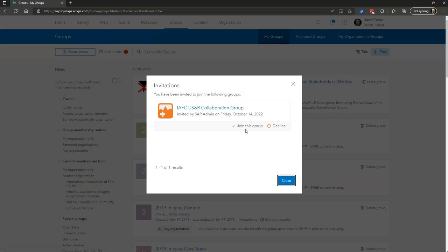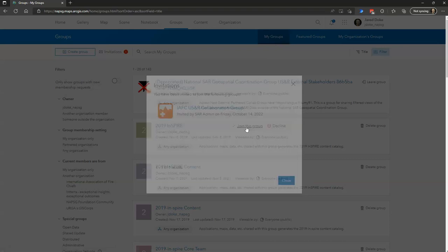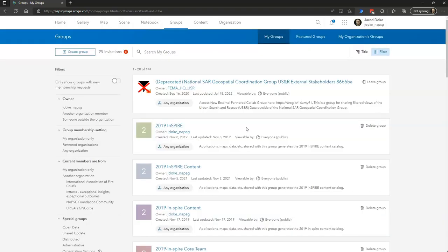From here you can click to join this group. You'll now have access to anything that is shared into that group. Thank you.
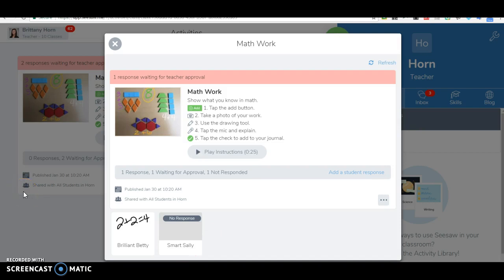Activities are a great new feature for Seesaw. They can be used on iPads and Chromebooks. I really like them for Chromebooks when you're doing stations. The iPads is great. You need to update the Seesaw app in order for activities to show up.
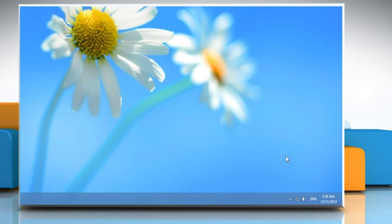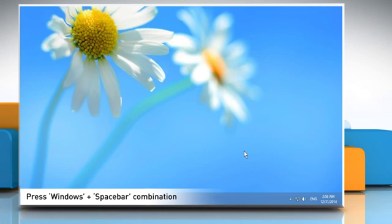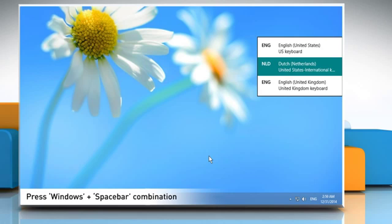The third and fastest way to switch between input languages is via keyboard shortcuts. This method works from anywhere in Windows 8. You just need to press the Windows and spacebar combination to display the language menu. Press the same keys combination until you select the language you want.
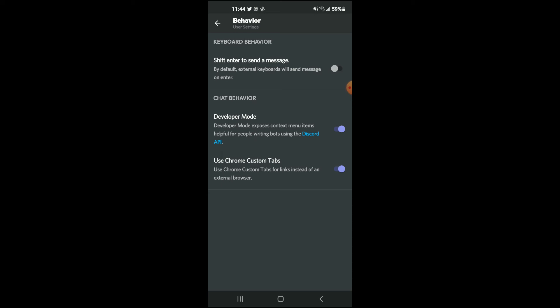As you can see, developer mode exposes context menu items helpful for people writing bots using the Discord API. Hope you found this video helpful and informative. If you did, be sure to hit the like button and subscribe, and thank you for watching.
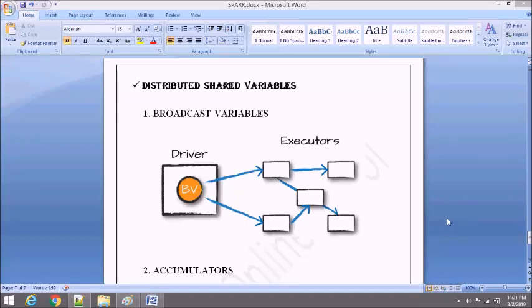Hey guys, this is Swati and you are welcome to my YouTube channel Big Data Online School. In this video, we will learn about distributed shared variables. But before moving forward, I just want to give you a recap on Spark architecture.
※
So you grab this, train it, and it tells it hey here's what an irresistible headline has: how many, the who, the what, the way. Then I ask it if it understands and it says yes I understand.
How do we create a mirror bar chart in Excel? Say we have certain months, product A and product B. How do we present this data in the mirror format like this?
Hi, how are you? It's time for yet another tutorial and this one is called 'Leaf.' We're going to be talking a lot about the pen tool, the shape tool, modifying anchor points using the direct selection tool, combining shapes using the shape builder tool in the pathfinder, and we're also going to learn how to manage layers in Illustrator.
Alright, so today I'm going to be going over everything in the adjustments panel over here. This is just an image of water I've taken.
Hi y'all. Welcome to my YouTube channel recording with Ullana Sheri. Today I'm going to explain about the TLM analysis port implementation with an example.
※
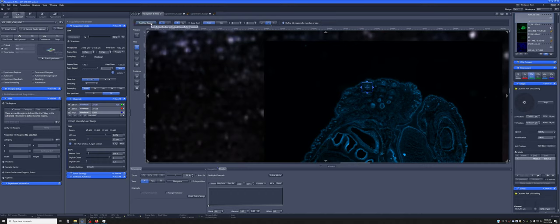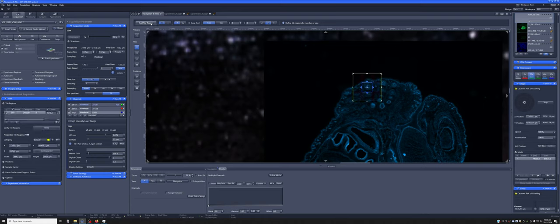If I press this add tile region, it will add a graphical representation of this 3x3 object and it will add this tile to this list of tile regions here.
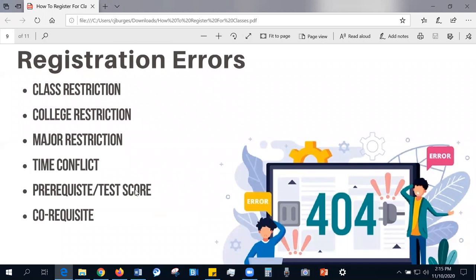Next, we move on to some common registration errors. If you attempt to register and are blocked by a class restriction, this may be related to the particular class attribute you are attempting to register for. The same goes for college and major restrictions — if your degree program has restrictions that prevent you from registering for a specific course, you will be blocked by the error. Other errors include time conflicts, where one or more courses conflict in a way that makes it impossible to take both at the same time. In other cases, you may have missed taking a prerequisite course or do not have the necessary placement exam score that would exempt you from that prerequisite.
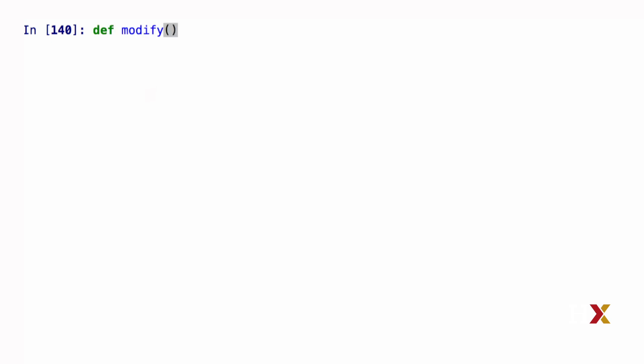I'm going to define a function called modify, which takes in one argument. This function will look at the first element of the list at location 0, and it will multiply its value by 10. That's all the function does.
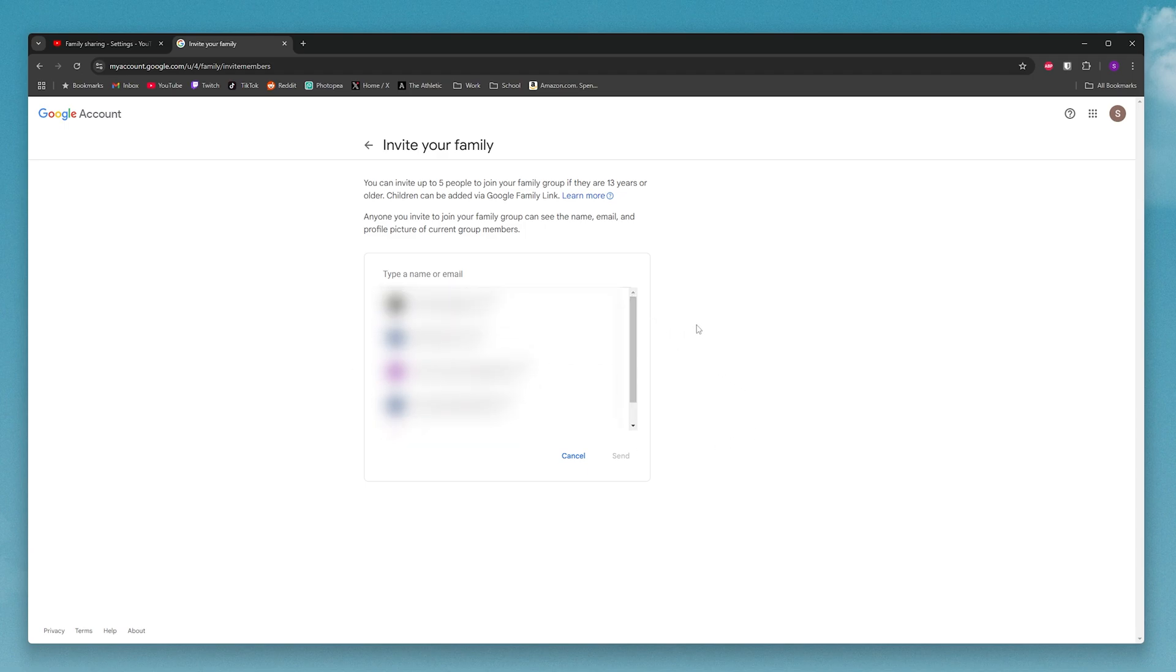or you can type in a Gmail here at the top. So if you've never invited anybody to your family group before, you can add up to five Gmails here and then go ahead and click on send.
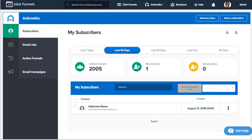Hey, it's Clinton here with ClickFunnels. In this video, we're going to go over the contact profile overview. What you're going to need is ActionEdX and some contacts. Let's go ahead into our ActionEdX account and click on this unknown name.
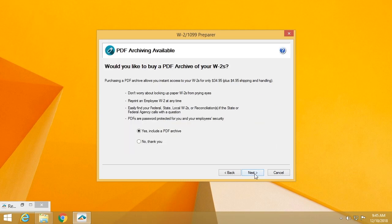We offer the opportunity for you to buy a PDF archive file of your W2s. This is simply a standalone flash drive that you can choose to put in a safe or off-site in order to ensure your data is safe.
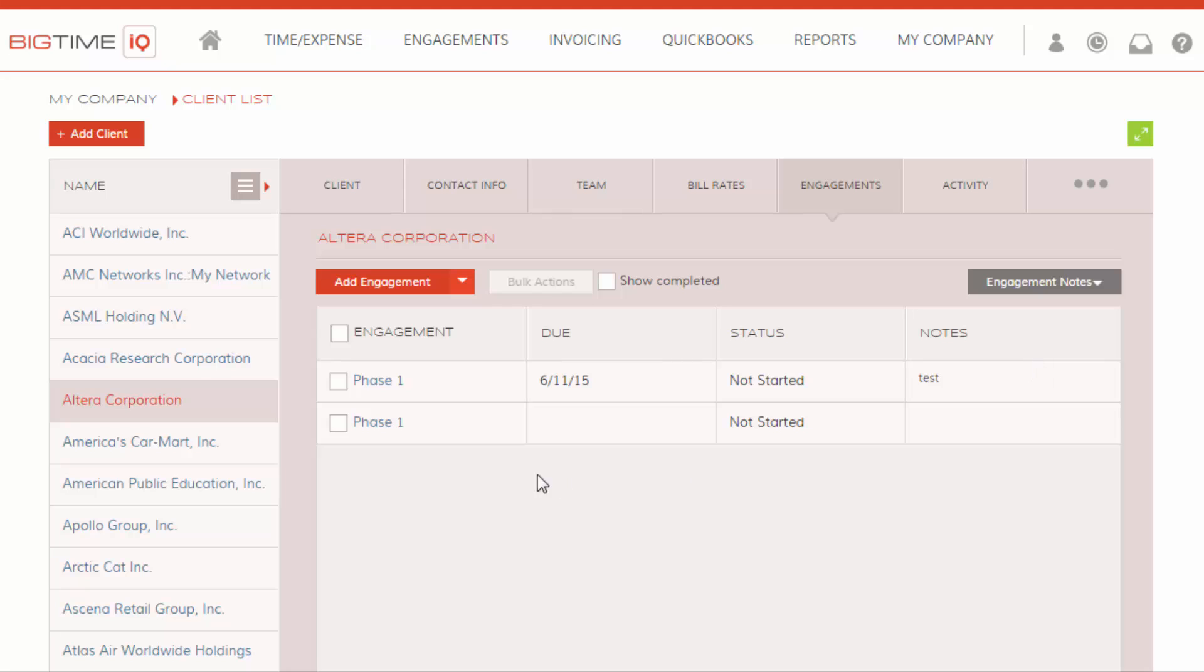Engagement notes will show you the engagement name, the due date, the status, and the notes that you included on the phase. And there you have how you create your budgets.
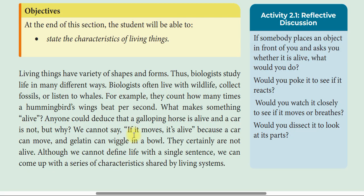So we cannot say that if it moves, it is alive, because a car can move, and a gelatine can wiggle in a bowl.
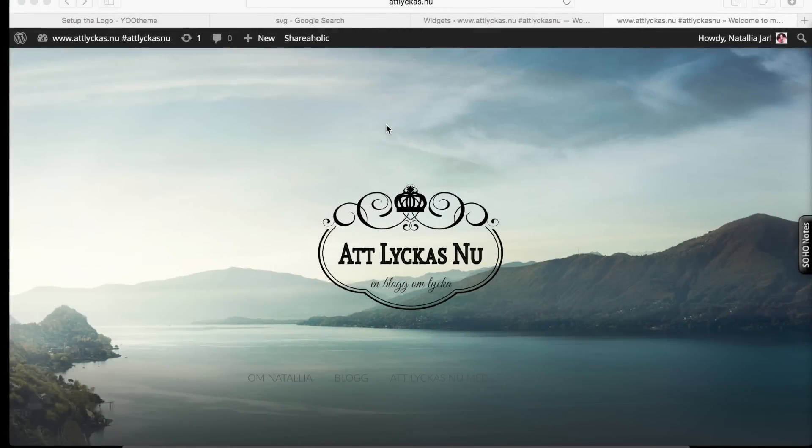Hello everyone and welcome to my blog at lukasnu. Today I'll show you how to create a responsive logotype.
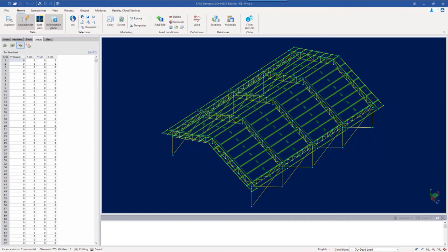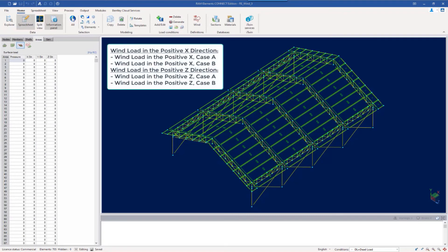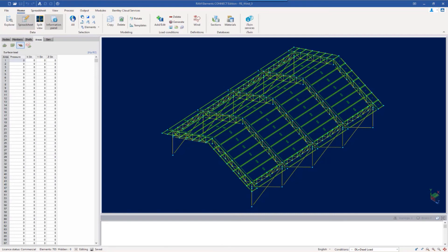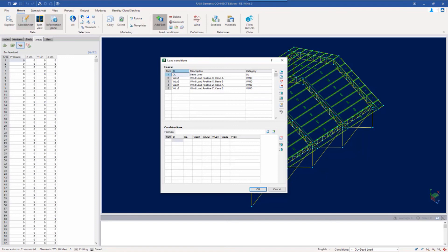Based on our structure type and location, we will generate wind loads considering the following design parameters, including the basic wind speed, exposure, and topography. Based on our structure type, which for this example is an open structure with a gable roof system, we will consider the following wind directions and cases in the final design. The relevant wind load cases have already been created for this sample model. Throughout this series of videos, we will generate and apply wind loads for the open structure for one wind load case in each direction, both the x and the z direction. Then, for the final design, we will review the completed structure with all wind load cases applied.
※
• **Exercise requirements**
What you give back should be exactly the lines of the data above from the line with "So you grab" through the line with "Hi y'all. Welcome", both of those included, and nothing more.

• **Answer section**
So you grab this, train it, and it tells it hey here's what an irresistible headline has: how many, the who, the what, the way. Then I ask it if it understands and it says yes I understand.
How do we create a mirror bar chart in Excel? Say we have certain months, product A and product B. How do we present this data in the mirror format like this?
Hi, how are you? It's time for yet another tutorial and this one is called 'Leaf.' We're going to be talking a lot about the pen tool, the shape tool, modifying anchor points using the direct selection tool, combining shapes using the shape builder tool in the pathfinder, and we're also going to learn how to manage layers in Illustrator.
Alright, so today I'm going to be going over everything in the adjustments panel over here. This is just an image of water I've taken.
Hi y'all. Welcome to my YouTube channel recording with Ullana Sheri. Today I'm going to explain about the TLM analysis port implementation with an example.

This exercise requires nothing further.